And, Wolske notes, happy employees use those same values to take care of Zappos customers. “The whole idea isn’t just about ‘What do we do for those buying shoes?’” Wolske says. “It’s about who are we as a brand and how do we live that for everybody?”
2. It’s All About Service
Indeed, Wolske says Zappos sees itself as a service company at its core – and one that happens to sell clothes and shoes to make money. In other words, customer service isn’t just what Zappos does for consumers shopping for products, but is rather an integral part of Zappos culture.
3. Ensuring the Right Fit
And it all starts with hiring employees who are aligned with the brand’s core values and who can then deliver consistently great experiences, Wolske says. “We invest on the front end to make sure it’s the right fit,” Wolske says.
4. ‘The Zappos Experience Every Time’
Further, consistency is one of Zappos’ biggest brand advantages, Wolske adds. The brand calls its phone team the “customer loyalty team” because it’s about providing a great experience and reinforcing it. “We do the Zappos experience every time,” Wolske says. “One of most frustrating things would be if something changed and now all of a sudden, we throw a policy in your face.

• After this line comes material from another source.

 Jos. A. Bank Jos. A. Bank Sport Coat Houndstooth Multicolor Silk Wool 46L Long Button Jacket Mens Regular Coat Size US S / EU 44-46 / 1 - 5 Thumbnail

It should always feel like Zappos, no matter how big or small the concern.”
5. ‘The #1 Tool Any Company Can Use is Listening’
And the consistent Zappos experience also comes from happy employees who are empowered to solve customer problems. “We answer, ‘How can I help you today?’ and then we listen and figure it out, no matter what the situation is, you get a consistent feeling for the brand,” Wolske adds. And, like any relationship perhaps, it’s listening that’s key. “When it comes to creating great experiences, the number one tool any company can use is listening,” Wolske says. “We don’t have a script we use.
There’s no ‘If then, this, here’s the answer.’ We listen.” In fact, Wolske says remarkable experiences don’t have to cost a lot of money – and they don’t even always have to go above and beyond. It’s simply about listening to what’s important in customers’ lives – and making it important to Zappos as well – and then coming up with resolutions to meet individual needs. “If you call and say, ‘I got shoes in a 9.5 and have to stand up all day at my cousin’s wedding, so I want a size 10 to make sure they’re comfortable,’ we can ultimately focus on the transaction and exchange it for a bigger size – we do that transaction every day – but you mentioned it was for your cousin’s wedding, [so we can say], ‘To make sure you get them in time, let’s verify your address,’ and then it becomes an experience rather than transaction,” Wolske adds.
6. ‘It’s An Investment in the Customer Experience’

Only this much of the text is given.